How to get started in travel nursing?

Specialties Travel

Published

Specializes in Currently hospice.

Hello, so my husband and I are considering me doing travel nursing. I have lots of experience, I am finding a ton of hospice assignments online, but I am confused as to how to get started? I thought I would need to find an agency to apply to, then look for assignments, but I am finding these websites like travel nurse source that list all different jobs with different agencies. Do you just apply to a different agency for each job? Do these bigger sites find the jobs for you? I am confused. =(

There is a ton of overlap of assignments between agencies. Think about it from the facility perspective: would you want to depend on a single agency to provide your needs? Nope, choice is good. The facility can look at a number of profiles from a number of agencies and pick the best fits to interview.

Choice is also good for travelers. Agencies pay differently for a wide variety of underlying reasons. You don't need to know the reasons as much as you need to know which agencies. If you are lucky enough to find the same assignment at two or more agencies, you now know which one really pays better! Besides pay, agencies are different in other ways: some provide better service, some may supply better housing (ask about the housing stipend to get an idea here). Bigger agencies have more assignments but typically pay less, smaller agencies may have less choice but pay more (lower overhead). There are also rapid response agencies, and vendor managers. It can be a bit overwhelming!

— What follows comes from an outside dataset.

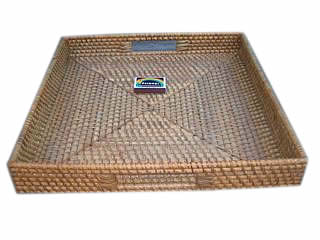 rattan tray square 36cm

But you don't need to learn all that either right now. The most important factor in successful travel is not the agency brand, but your recruiter. I'd recommend calling a dozen (or more) agencies and picking the best five to work further with based on the quality of your communication with the recruiter, and your assessment of how trustworthy and open they are (do they share information, or not tell you about real jobs and compensation until you have signed up with them)?

At least three to five agencies is a good number so you can find out which ones are best for you, have decent choices of assignments, and to have backup plans in case your first choice falls through.